The Pioneer Cabin Tree was hollowed out at the base of the trunk in the late 1800s to create a tunnel that thousands of visitors have since walked through. The architects were inspired by the Wawona Tree, a similar sequoia tree that stood at Yosemite National Park until 1969.
The remarkable tree still showed signs of life, but powerful storms in the area caused flooding that it could not withstand. Jim Allday, a volunteer at the park, told SF Gate that the tree fell down around 2 p.m. Sunday, and that it "shattered" on impact. "I could see the tree on the ground, it looked like it was laying in a pond or lake with a river running through it," he said.
While the age of the Pioneer Cabin Tree isn't clear, giant sequoias clan live more than 3,000 years, according to the National Park Service.

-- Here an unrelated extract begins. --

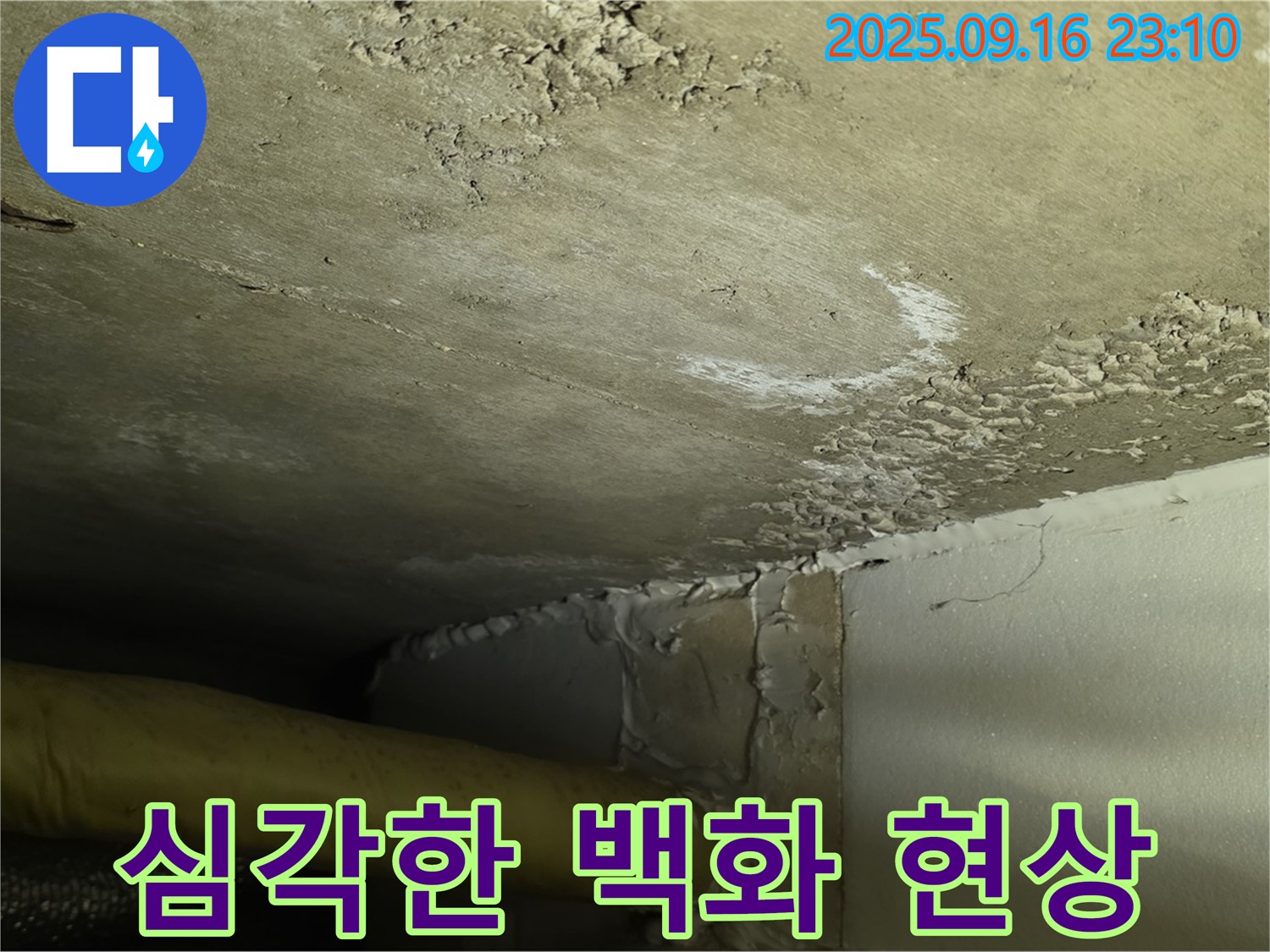 천장 누수 - 심각한 백화 현상으로 건물 손상 우려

Yosemite's Grizzly Giant is estimated to be 1,800 years old (give or take a few centuries).
The Calaveras Big Trees Association, a nonprofit group, said it best in their Facebook tribute, "The iconic and still living tree...enchanted many visitors."
Indeed, many shared personal memories — and photos — of the tree. "I have a picture of my grandfather holding me in front of this tree back in early 50s," wrote one commenter on Facebook.
"This really made me sad," wrote another. "Yes, I cried. This tree is one of my precious memories when I was a kid. I have pictures of us in our van driving through this magnificent tree."
One woman shared her engagement photo featuring the tree. "My fiancé Scott just called me to let me know The Great Pioneer Cabin Tree is no more I am heart broken I love that tree!"
While this great wonder no longer stands, the National Park Service is host to many other sequoia gems, including the General Sherman Tree, which stands at 275 feet tall and has a diameter of 36 feet at the base.
While we've lost a great treasure in the Pioneer Cabin Tree, the inspiring and enchanting sites that remain are worth the trip!